*** Begin section ***

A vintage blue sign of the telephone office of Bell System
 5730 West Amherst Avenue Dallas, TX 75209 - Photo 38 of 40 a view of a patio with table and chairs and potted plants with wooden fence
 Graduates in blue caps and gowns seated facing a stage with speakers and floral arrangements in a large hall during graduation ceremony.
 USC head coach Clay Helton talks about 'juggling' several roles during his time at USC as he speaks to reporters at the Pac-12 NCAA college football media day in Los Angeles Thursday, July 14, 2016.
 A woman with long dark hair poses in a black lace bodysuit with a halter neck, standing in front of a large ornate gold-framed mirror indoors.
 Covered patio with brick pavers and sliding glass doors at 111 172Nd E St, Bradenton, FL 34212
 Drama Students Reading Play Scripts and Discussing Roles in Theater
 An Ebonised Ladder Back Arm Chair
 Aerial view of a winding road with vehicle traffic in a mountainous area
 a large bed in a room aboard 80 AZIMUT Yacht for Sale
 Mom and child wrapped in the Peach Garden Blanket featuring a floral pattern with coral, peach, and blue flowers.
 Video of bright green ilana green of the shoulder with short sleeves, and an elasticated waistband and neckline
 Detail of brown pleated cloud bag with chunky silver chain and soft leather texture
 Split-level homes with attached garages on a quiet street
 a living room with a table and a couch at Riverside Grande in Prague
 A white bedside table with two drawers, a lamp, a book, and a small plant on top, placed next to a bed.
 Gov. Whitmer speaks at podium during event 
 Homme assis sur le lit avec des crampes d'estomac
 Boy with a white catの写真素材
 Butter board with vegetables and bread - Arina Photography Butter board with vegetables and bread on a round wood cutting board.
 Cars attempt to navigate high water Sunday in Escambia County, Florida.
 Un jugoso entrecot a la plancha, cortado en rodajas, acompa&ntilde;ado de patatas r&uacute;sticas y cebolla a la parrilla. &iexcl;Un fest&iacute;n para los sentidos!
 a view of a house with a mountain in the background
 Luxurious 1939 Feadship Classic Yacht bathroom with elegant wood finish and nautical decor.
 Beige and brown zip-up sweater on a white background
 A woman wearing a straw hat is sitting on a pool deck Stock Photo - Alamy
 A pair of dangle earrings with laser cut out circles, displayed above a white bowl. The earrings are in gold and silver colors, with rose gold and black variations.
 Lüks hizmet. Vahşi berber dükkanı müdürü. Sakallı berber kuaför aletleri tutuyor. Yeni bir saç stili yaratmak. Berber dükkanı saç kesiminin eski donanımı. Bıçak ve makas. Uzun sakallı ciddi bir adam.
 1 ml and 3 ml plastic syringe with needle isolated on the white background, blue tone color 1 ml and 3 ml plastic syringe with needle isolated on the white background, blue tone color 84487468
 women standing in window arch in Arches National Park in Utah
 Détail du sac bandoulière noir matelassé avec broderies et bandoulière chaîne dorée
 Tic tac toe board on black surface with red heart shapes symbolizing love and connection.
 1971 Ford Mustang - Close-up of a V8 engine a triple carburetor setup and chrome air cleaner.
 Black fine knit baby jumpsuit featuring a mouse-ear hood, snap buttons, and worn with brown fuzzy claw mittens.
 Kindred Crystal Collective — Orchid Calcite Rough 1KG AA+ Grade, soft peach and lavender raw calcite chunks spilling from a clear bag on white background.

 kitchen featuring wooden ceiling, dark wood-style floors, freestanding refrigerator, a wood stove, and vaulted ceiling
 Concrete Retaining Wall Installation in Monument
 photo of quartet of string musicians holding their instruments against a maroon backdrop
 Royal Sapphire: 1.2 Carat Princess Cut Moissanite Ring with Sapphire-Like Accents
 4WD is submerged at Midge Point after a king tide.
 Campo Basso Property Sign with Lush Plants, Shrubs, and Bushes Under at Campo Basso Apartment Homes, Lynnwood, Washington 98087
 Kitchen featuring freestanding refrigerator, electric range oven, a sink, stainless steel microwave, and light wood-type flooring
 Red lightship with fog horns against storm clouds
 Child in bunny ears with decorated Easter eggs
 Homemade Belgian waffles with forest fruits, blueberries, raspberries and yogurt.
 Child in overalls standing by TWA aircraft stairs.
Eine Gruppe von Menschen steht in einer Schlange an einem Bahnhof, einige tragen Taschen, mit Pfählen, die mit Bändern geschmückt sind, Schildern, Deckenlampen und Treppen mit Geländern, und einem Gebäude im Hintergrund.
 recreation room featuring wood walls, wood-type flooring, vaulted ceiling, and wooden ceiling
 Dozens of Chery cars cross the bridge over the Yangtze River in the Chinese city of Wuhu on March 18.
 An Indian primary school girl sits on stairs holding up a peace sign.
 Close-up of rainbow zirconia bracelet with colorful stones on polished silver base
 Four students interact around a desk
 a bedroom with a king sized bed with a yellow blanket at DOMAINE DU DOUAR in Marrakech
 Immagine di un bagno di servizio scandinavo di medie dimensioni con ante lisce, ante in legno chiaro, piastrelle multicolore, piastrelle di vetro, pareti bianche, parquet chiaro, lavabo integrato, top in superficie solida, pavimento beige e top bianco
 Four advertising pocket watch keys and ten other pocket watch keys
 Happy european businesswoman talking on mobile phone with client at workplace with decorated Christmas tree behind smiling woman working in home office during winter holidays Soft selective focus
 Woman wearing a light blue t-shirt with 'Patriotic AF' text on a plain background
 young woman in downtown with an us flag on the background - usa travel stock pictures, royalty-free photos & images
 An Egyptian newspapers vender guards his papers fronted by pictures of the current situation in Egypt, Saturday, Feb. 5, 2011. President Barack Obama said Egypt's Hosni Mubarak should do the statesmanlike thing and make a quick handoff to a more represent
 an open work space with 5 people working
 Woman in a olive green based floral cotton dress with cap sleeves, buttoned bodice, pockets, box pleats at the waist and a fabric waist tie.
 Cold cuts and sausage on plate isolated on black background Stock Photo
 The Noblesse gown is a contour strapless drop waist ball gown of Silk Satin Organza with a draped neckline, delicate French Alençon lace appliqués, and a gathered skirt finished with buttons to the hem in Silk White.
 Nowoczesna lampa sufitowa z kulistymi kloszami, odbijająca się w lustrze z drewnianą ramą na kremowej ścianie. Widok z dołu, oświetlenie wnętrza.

*** End section ***

> Exercise aim
Everything from the first line of the records through the line containing "A woman with" is to be set down exactly, while later lines are left out.

> Answer area
A vintage blue sign of the telephone office of Bell System
 5730 West Amherst Avenue Dallas, TX 75209 - Photo 38 of 40 a view of a patio with table and chairs and potted plants with wooden fence
 Graduates in blue caps and gowns seated facing a stage with speakers and floral arrangements in a large hall during graduation ceremony.
 USC head coach Clay Helton talks about 'juggling' several roles during his time at USC as he speaks to reporters at the Pac-12 NCAA college football media day in Los Angeles Thursday, July 14, 2016.
 A woman with long dark hair poses in a black lace bodysuit with a halter neck, standing in front of a large ornate gold-framed mirror indoors.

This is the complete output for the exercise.